Boosting Omnidirectional Stereo Matching with a Pre-trained Depth Foundation Model

TL;DR

DFI-OmniStereo tackles the challenge of accurate omnidirectional depth from 360° imagery by integrating a large-scale monocular depth foundation model into an iterative stereo matching framework. The method employs a two-stage training strategy—Stage A for feature adaptation with the foundation frozen and Stage B for scale-invariant fine-tuning of the decoder—to preserve foundation-model generalization while adapting to omnidirectional data. Empirical results on the Helvipad real-world dataset show state-of-the-art disparity and depth performance, along with strong generalization and data-efficiency properties.
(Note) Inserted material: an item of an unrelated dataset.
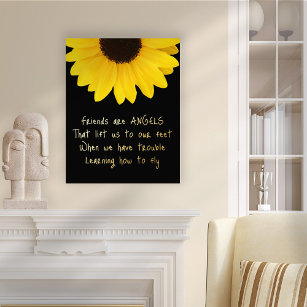 Sunflower Quotes SVG, Be Bright, Sunny And Positive - Origin SVG Art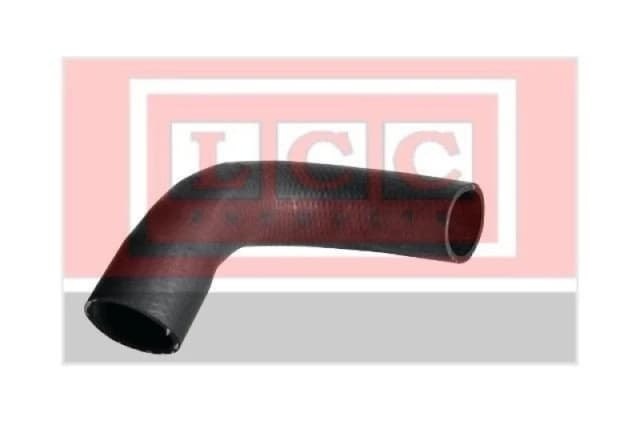 LCC LCC6156 Turbocharger Hose AEM (Ethylene Acrylate Rubber) AEM (Ethylene Acrylate Rubber) Charger Intake Hose (3314)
The work demonstrates the practical potential of foundation-model–guided stereo for robust 360° scene understanding in mobile robotics.

Abstract

Omnidirectional depth perception is essential for mobile robotics applications that require scene understanding across a full 360° field of view. Camera-based setups offer a cost-effective option by using stereo depth estimation to generate dense, high-resolution depth maps without relying on expensive active sensing. However, existing omnidirectional stereo matching approaches achieve only limited depth accuracy across diverse environments, depth ranges, and lighting conditions, due to the scarcity of real-world data. We present DFI-OmniStereo, a novel omnidirectional stereo matching method that leverages a large-scale pre-trained foundation model for relative monocular depth estimation within an iterative optimization-based stereo matching architecture. We introduce a dedicated two-stage training strategy to utilize the relative monocular depth features for our omnidirectional stereo matching before scale-invariant fine-tuning. DFI-OmniStereo achieves state-of-the-art results on the real-world Helvipad dataset, reducing disparity MAE by approximately 16% compared to the previous best omnidirectional stereo method.

Figures (5)

• Figure 1: Overview of our proposed omnidirectional stereo matching approach DFI-OmniStereo. Given a pair of equirectangular images captured by two vertically stacked omnidirectional cameras, our method integrates a large-scale pre-trained monocular relative depth foundation model into an iterative stereo matching approach. DFI-OmniStereo improves disparity and depth estimation accuracy, significantly outperforming the previous state-of-the-art method. We visualize predicted disparity on a log-scale (red indicates high disparity and low depth; vice versa for blue).
• Figure 2: Overview of DFI-OmniStereo. A shared depth foundation model (purple) is utilized to extract representations from a top and bottom image. Subsequently, an omnidirectional stereo matching head (pink) predicts disparity, utilizing the image features as follows: The intermediate representations and relative depth maps of both images are adapted to be processed as multi-scale feature maps by the iterative matching head. This head predicts a disparity map using vertical warping for cost volume construction. The training consists of two stages. In training stage A (blue), we adapt the stereo matching head to the omnidirectional data and the foundation model features (foundation model frozen) using a conventional stereo matching loss $\mathcal{L}_{A}$. In stage B (orange), we fine-tune the foundation model decoder and the stereo matching head, utilizing a scale-invariant logarithmic loss $\mathcal{L}_{B}$. Frozen and trainable modules are denoted with a snowflake and fire symbol, respectively.
• Figure 3: Qualitative comparison on the Helvipad zayene2024helvipad test split. We visualize the bottom image, ground-truth disparity maps (°), and the predicted disparity maps (°) of the previous state-of-the-art method, 360-IGEV-Stereo, and of DFI-OmniStereo.
• Figure 4: Training sample-efficient learning analysis using DFI-OmniStereo on the Helvipad dataset zayene2024helvipad. The training data for our method is a randomly sampled subset. 360-IGEV-Stereo zayene2024helvipad is visualized as the dashed line using $100\%$ of the training data for comparison.
• Figure 5: Qualitative comparison of generalization to real-world images from wang2020360sd. We visualize the bottom image and the disparity prediction (°) of 360-IGEV-Stereo and DFI-OmniStereo (from top to bottom) using the hall, room, and stairs scene (from left to right).